While there are some clear improvements in the lands department, we can also add these two lands above that both work to give us a much cheaper sacrifice outlet in the case of Lazotep Quarry and also a way to mill in the case of Spymaster’s Vault that also grows our creatures.
All-in-all, this would be the direction I would see myself bringing Dina moving forward. The deck shares an obvious aristocrats-style sacrifice theme, but I don’t think the current package provided by the precon is enough. There are plenty of small value-oriented creatures that give the semblance of a working plan with slow token generation and sacrifice, but we can definitely improve on this front. The lifegain strategy is middling at best with expensive pay-offs and low amounts of actual lifegain to trigger these synergies. Furthermore, there is far too much reliance on that of Dina remaining and sticking on board.

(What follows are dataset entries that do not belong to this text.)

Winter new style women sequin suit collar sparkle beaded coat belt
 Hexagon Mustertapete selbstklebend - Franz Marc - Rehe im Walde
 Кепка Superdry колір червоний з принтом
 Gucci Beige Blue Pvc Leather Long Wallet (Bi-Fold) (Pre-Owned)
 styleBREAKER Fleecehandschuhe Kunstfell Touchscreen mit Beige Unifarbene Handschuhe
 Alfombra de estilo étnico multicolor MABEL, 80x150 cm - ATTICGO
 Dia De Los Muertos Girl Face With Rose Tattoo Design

Whereas, with this deck’s modification, the goals are to move all-in on the graveyard recursion plan, constantly bringing back threats that will also partially aid in drawing attention away from Dina herself. We keep the sacrifice theme, but we move to different cards to actively accelerate and fill our graveyard with resources for later turns. We make sacrifice less of purely an advantage generating key-point and turn it into a deadly recipe for success. Doing what Golgari, and essentially what Witherbloom does best, we draw from the roots of the dead and bring back our team over and over again.